Registering and discovering services

§Registering and discovering services

To be resilient and scalable, a system must support location transparency. This allows you to run instances of the same microservice on multiple hosts, to move instances from one host to another when failures occur, and to scale the number of hosts up and down as load changes. In such a reactive system where microservice instances keep moving, spawning and dying, both clients and other microservices need a way to locate available service instances.

Lagom provides the following functionality for your microservice systems during development:

Note: This page uses HTTP examples but the concepts apply to any kind of traffic such as binary over TCP.

§Service registration

A Service Registry collaborates with microservice instances to maintain an up-to-date lookup table. The table includes the host and port for each available microservice instance. As load changes, the system can spawn or destroy instances in any location while continuing to satisfy requests. You can design a system to enable microservices to self-register or you can use a 3rd Party Registration service.

When booting a Lagom microservice instance, a registrar will register the name of the microservice, the URL and the names of the locatable Service Descriptors on the Service Registry so that they can be located. When powering down an instance of a service, the registrar will have to update the Service Registry too. Lagom’s Developer Environment provides an implementation of a Service Registry and a registrar so you can run your microservices locally.

Many available technologies provide Service Registry capabilities. You will need to choose and/or develop a Service Locator for your services to run in your deployment environment (see for example Lagom ZooKeeper Service Locator). You may need to work out a way to plug your Lagom services with a registrar.

§Client-side service discovery

From Bonér’s Reactive Microservices Architecture: Design Principles for Distributed Systems

Once the information about each service has been stored it can be made available through a Service Registry that services can use to look the information up—using a pattern called Client-Side Service Discovery.

Lagom creates service clients for each Service Descriptor so that applications can interact with Lagom Services. Suppose a non-Lagom app wants to consume a hello service. It can use the Welcome Service Client and simply invoke the hello method. The Welcome Service Client will use the Service Registry to find a valid URL where welcome is available and fulfill the request. This approach requires using Lagom provided code. In production, the Service Locator plugged into your services will be an element participating in this Client-Side Discovery. See Integrating with non-Lagom services for more information.

§Server-side service discovery

From Bonér’s Reactive Microservices Architecture: Design Principles for Distributed Systems

Another strategy is to have the information stored and maintained in a load balancer […] using a pattern called Server-Side Service Discovery.

If you can’t embed a Service Locator on every client, you can use server-side service discovery. This pattern uses a Service Gateway to allow clients to consume endpoints provided by the Service Descriptors registration. In this model, the browser only needs to know where the Service Gateway is. When using server-side discovery, a call on a Service Descriptor can only be reached if its call is added to the ACL.

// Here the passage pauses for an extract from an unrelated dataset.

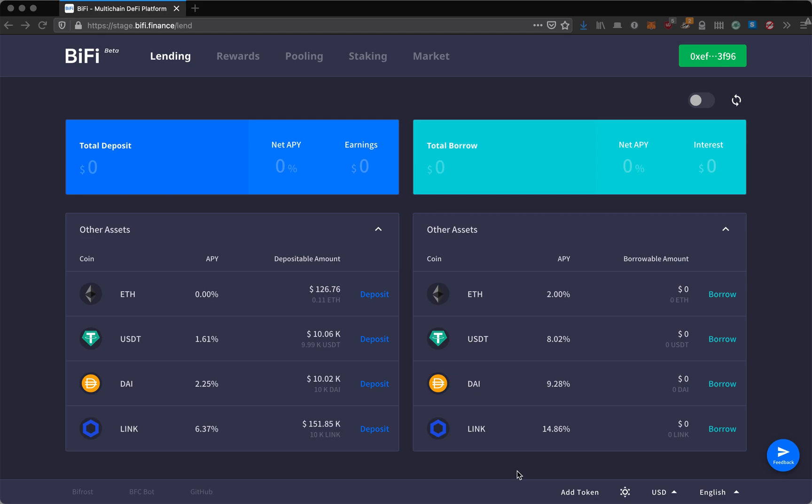Today we're going to have a look at the lending service and rewards program on BiFi, which is the multi-chain DeFi project powered by Bifrost and currently in open beta. Please be mindful that this demo is done on the Covent test network, so the numbers you see will be different from the actual market on mainnet.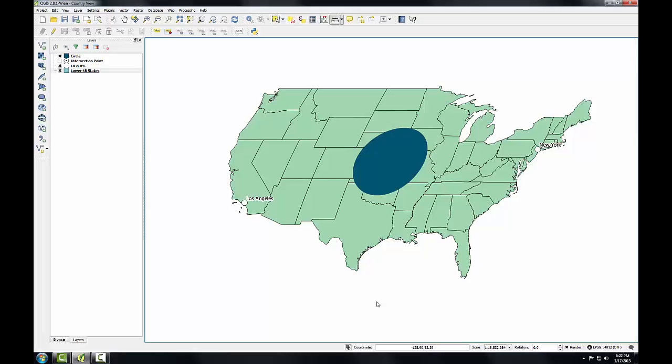Part of the problem lies in the fact that this projection is centered at zero degrees longitude, which is Greenwich, England — far east of our study area in the lower 48. So let's center this projection on the United States by creating a custom version of the world Eckert 4 projection.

For example, a browser can display a hello message to a user by requesting the /hello/steve path from the Service Gateway. The Service Gateway will know which service provides that endpoint and will ask the Service Registry for an instance of that service. The Service Registry will respond with the host and port of the instance where the request can be fulfilled. Finally the Service Gateway will perform the request and return the result to the browser.

To simplify testing of server-side service discovery, the Lagom development environment starts all your services plus a Service Registry and a Service Gateway.